##### MATERIAL TO PROCESS

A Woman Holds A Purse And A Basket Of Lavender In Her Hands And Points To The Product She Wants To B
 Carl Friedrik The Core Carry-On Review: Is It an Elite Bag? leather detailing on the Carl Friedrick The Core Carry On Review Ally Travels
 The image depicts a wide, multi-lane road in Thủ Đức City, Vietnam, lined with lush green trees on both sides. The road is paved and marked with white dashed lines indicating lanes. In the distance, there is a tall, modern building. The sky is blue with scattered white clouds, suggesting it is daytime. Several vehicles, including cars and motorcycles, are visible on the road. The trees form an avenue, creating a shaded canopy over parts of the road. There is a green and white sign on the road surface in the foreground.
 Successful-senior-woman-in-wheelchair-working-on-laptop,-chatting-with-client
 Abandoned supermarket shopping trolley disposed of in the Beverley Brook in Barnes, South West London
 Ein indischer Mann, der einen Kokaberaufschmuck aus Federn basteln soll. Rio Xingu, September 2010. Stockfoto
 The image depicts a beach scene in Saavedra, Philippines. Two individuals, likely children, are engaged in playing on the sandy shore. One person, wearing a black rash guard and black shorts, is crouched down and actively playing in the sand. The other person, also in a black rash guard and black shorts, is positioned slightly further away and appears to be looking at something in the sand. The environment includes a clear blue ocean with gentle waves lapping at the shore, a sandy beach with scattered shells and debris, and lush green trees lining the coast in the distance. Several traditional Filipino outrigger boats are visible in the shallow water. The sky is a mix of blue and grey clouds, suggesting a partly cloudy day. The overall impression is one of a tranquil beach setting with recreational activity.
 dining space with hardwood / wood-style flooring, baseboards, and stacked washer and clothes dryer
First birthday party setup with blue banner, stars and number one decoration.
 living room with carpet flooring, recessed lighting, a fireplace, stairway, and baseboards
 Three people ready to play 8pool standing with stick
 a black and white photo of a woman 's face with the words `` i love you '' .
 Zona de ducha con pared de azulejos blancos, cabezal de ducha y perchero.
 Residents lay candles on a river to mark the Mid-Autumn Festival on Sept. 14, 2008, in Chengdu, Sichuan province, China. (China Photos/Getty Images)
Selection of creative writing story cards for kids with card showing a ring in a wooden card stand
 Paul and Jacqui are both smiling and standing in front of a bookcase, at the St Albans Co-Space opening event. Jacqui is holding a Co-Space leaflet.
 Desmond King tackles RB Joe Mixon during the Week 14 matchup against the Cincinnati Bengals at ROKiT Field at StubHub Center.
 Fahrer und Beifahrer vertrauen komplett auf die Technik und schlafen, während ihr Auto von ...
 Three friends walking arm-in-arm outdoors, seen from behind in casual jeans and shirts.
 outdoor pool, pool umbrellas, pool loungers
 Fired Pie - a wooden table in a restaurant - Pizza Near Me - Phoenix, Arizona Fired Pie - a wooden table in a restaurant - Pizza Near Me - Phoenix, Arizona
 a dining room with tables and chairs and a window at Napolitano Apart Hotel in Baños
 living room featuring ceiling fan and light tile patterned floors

##########

* PROBLEM STATEMENT *
Every line containing the word "standing" must be copied from the material above.

* RESULT *
 Three people ready to play 8pool standing with stick
 Paul and Jacqui are both smiling and standing in front of a bookcase, at the St Albans Co-Space opening event. Jacqui is holding a Co-Space leaflet.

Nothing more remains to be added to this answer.